Hope you will take the situation under control soon enough.
Sisira
That is in normal range. My numbers jump around like that. I would not worry unless the number goes over the 130 upper limit of the normal range.
Hi Gregg57.
According to our experience and what the doctors tell us, if the ALP is up on its own there is nothing to worry about. This can happen after certain food you eat, after alcohol, but also when we take certain kinds of medication like anti-sickness drugs.
What are your other liver markers like - the AST and the ALT?
Thanks. My AST and ALT are fine and well within the normal range. My PSA is now 0.4 which is slightly up from a month ago, but still not clear it's a trend.
I would like to leave a comment here but I don't know nuttin about nuttin.
Good Luck and Good Health.
j-o-h-n Saturday 12/30/2017 11:38 AM EST
I find this site very helpful as i go to a new doctor soon to see results of recent Gallium 68 pet/ct scan along with a ct scan & bone scan. At least i will be armed with some names of treatments. I had the lucrin injection & nexole tablets & felt lousy & gained weight but the psa went down & now up again to 9.4 & rising.

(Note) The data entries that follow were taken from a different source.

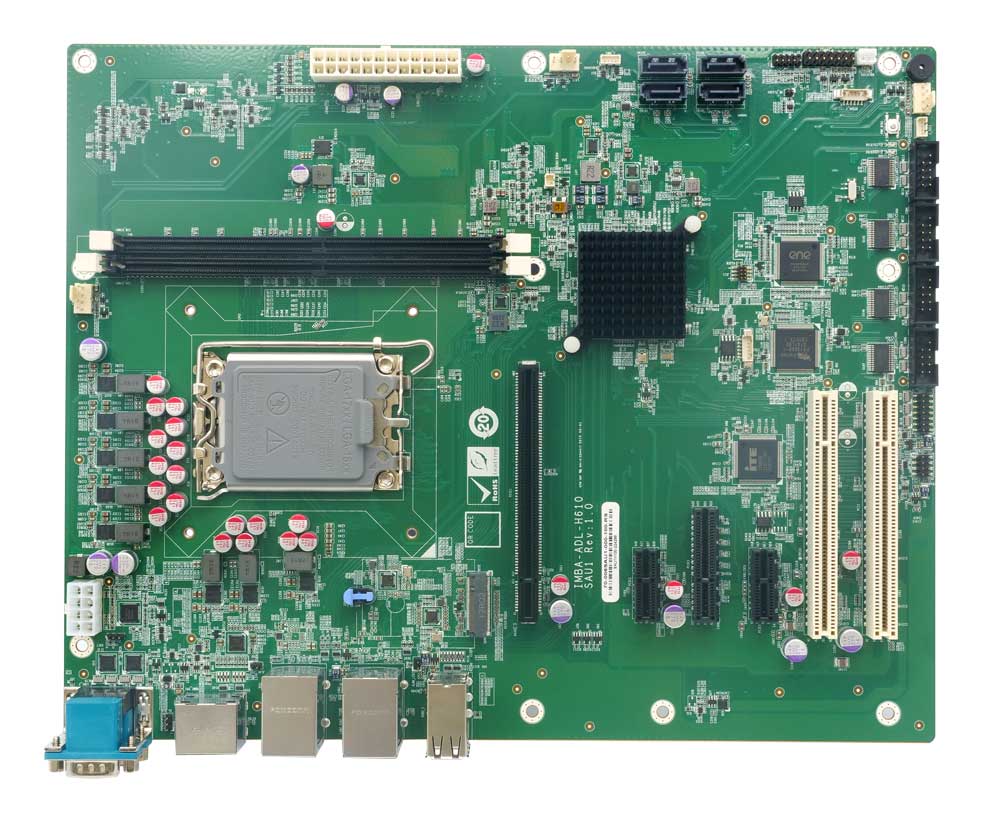 ATX-Mainboard IMBA-ADL-H610-R10 front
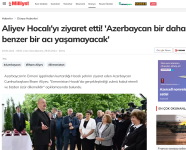 Визит Президента Ильхама Алиева и Первой леди Мехрибан Алиевой в Ходжалы в центре внимания ведущих СМИ Турции (ФОТО)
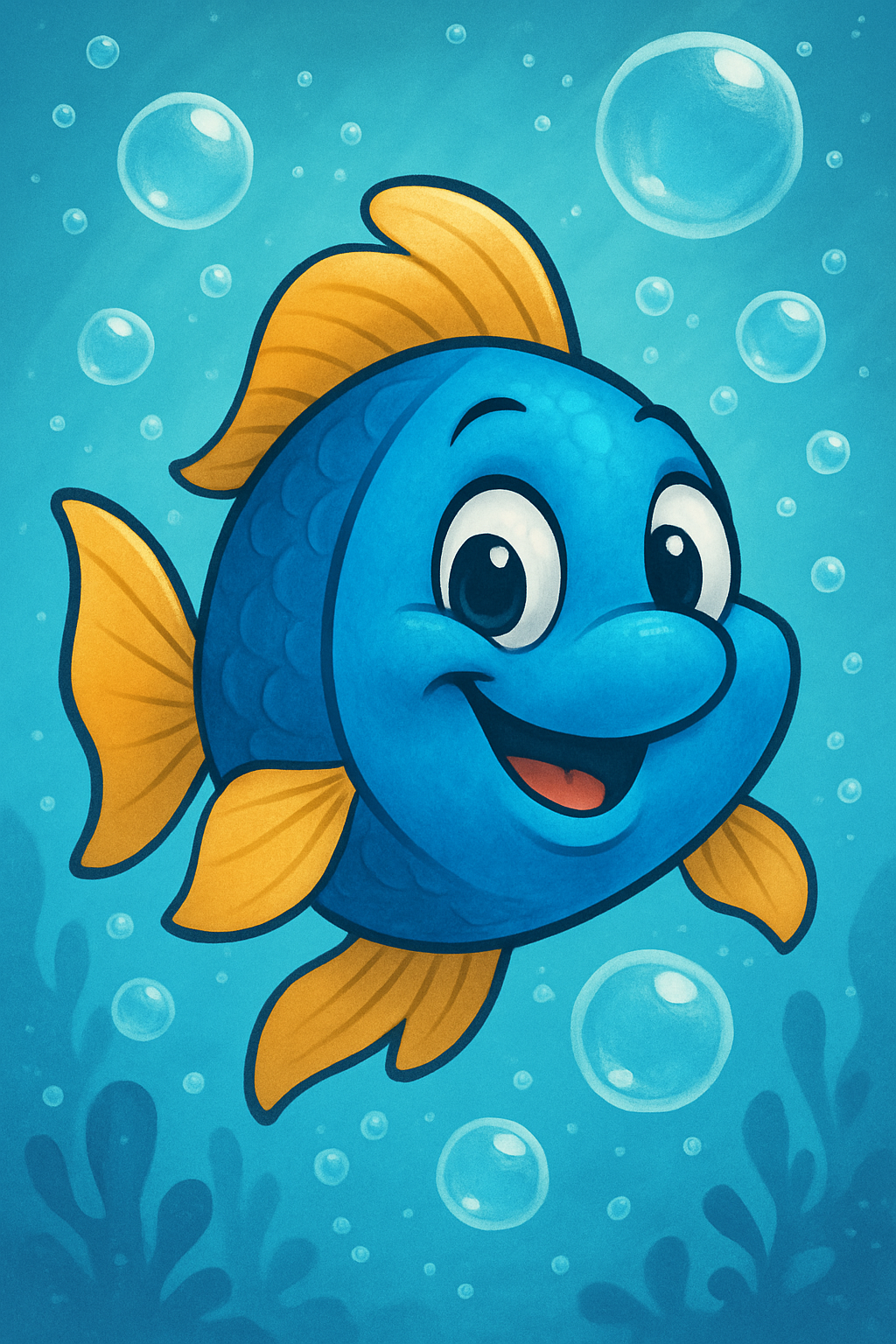 Blue Fish giving tips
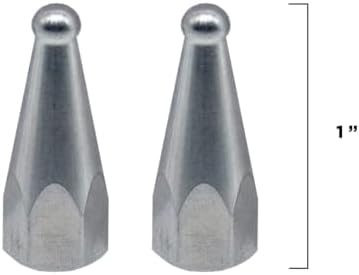 Dogtra Full Titanium Contact Points 1" Set of 2 – Female – for Legacy 200C, 280C, 1900S, iQ MINI/Plus, ARC, Edge, 2300, 2700, T&B & More – Hypoallergenic, Lightweight, for Sensitive Skin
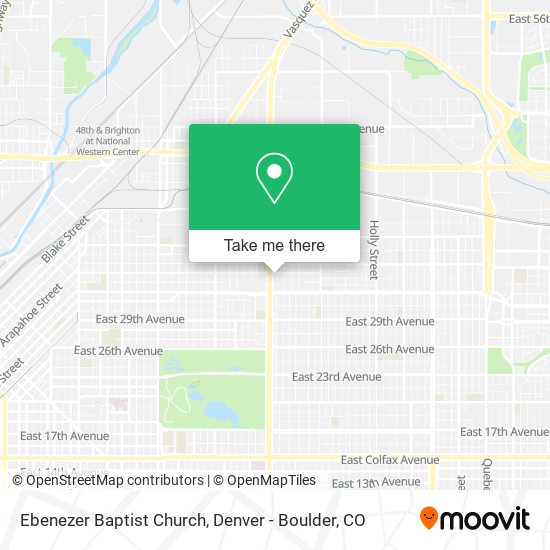 Ebenezer Baptist Church map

Thanks to you all & will post results soon
In response to these posts regarding ALK increasing,
Mine jumped from normal to 500.
The oncologist showed no concern.
Currently on Zytiga, Xofigo and Lupron plus Xgeva very 3 months.
Concerned but have to trust the oncologist.
Anyone else send alkaline phosphate numbers jump that much over a period of 2 months and get any logical answers ?
There is something referred to as Alkaline Phosphatase "Bounce" that often occurs at the start of Zytiga and is actually a good sign. I wrote another post about that recently. How long have you been on Zytiga and what was your ALP before you started Zytiga? My ALP went up when I started Zytiga, but is now starting to come back down.
I have been in Zytiga a year.
Just this month did it go up from 74 to 500.
Oncologist is not concerned but I am because of the huge increase!